How can you get involved in this trend? Yes, one option is to invest in it, but another is take those best practices and incorporate them into your business. Venture capital firms are investing more and more in companies that maintain socially responsible principles, while a growing number of consumers – particularly millennials – are shopping with their conscience.
PLANNING AND PURPOSE
While there is a common theme of pursuing a greater purpose, there is much variety within sustainable investment strategies, particularly in how they are implemented. Implementation generally takes the form of one or more of the following approaches.
Also known as socially responsible investing or negative screening, this is viewed as the original approach to “responsible” investing. Basically, it excludes individual companies or entire industries from portfolios if their activities conflict with an investor’s values, such as fossil fuels, gambling or alcohol. This, of course, limits the investable universe, which could impact diversification of your portfolio.
You could also apply this exclusionary approach to your business by, for example, dialing back any dealings with companies, industries or even vendors whose values don’t align with yours; encouraging your employees and clients to go paperless; recycling production materials when possible; making your workplace and office machinery more energy efficient; and engaging with the community for sustainable cause events.
This approach combines environmental, social and governance criteria with traditional financial considerations. It is sometimes implemented as a best-in-class approach by identifying and investing in companies that are the best ESG performers within a sector or industry group.

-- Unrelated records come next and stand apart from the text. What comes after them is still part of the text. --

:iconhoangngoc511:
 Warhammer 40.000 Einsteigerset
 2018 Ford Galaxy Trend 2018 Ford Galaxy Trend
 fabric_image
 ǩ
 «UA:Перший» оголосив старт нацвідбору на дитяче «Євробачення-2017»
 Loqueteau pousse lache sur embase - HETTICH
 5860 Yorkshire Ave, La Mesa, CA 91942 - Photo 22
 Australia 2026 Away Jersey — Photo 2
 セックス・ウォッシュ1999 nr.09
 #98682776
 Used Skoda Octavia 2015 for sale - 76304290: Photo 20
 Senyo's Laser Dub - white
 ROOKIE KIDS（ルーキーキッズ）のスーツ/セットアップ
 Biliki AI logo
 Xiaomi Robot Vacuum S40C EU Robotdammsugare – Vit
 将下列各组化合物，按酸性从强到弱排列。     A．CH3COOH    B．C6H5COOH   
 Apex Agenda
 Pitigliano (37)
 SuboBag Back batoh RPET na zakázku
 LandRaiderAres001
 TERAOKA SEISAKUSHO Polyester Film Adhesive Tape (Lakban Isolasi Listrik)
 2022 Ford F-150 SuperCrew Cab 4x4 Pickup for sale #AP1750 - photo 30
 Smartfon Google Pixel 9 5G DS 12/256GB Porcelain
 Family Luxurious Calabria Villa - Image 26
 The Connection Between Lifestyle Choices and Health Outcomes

This approach aims to have a social or environmental impact alongside financial return, with a focus on the intentionality and measurement of the impact. The most common products are funds invested in private equity and venture capital, and accredited investors and funds are the leaders in impact investing by asset level1. With this approach, the liquidity risk and return target can vary dramatically.
Thematic investing focuses on a specific ESG theme, and structures portfolios around companies or industries that support that theme. Examples of such themes include clean energy, environmental protection, sustainable infrastructure, health and social equity.